Di ruangan ini saya bersujud menyembah Allah dengan Yesus yang menggantung di atas kepala. Barangkali benar jika Tuhan memang gemar bercanda. Lupakan promosi kampus, di perjalanan ini saya belajar toleransi dan menemukan banyak orang baik. Ketika santap malam tiba, kami duduk meliingkar dengan seluruh pengelola gereja. Martinus melihat kecemasan ini, ia memanggil bibi berkerudung putih.
“Jangan takut, semua ini kami yang masak. Pastor membayar kami untuk jasa boga bulanan. Mari makan sama-sama!” Bibi tak datang sendiri, ia tiba bersama empat muslimah lain dan seorang lelaki yang memikul peci di atas kepala.
Kami tinggal dua malam gereja ini untuk menunggu jadwal pelayaran ke Makassar lusa nanti. Esoknya, Martinus mengajak kembali ke anjungan Kamali. Dari balik bundaran Naga, seseorang memberi kejutan, menutup mata dari belakang.

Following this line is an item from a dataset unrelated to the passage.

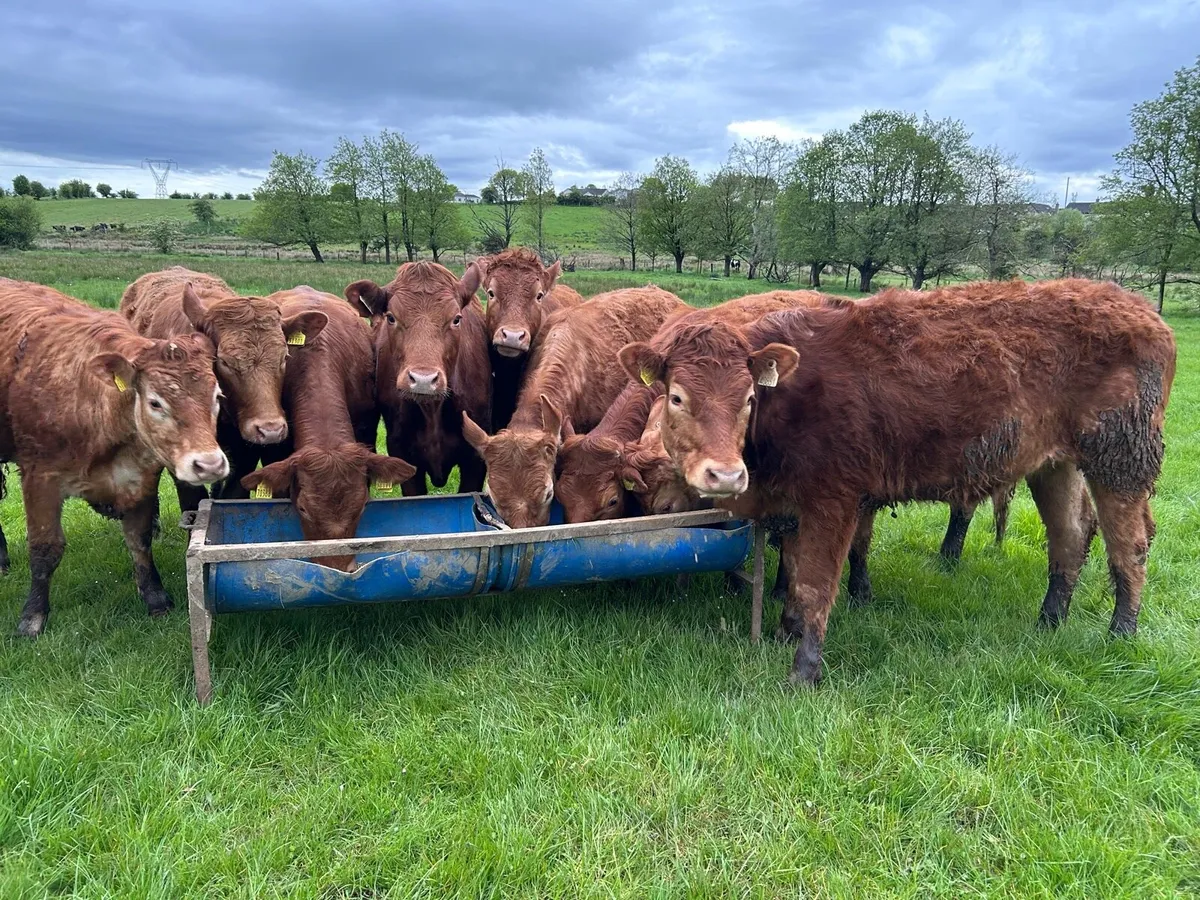 RED LIMOUSIN HEIFERS - Image 1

Dialah Desi, kawan SMA dulu. Setelah lulus, ia memilih kembali dan menetap di kota ini. Ini pertemuan pertama sejak tiga tahun lalu. Berbekal angkot milik kekasihnya, Desi mengajak kami keliling kota. Tak puas, sepasang gelang dan berbagai penganan diserahkan sebagai tanda perpisahan.
Pamit
Inilah malam terakhir, malam yang membenci kata selesai. Martinus dan perangkat gereja mengantar kami ke pelabuhan. Usai pamit, suasana berubah kelam ketika dua penumpang menjadi korban penikaman. Untuk alasan keamanan, Martinus meraih bawaan, kemudian bernegosiasi untuk mengawal kami ke geladak.
Seharusnya ini jadi air mata terakhir, tepat ketika melepas Martinus setelah semboyan berlayar dibunyikan, tetapi keliru. Di bawah sana, tangan-tangan melambaikan perpisahan, merestui kepergian yang entah kapan kembali datang.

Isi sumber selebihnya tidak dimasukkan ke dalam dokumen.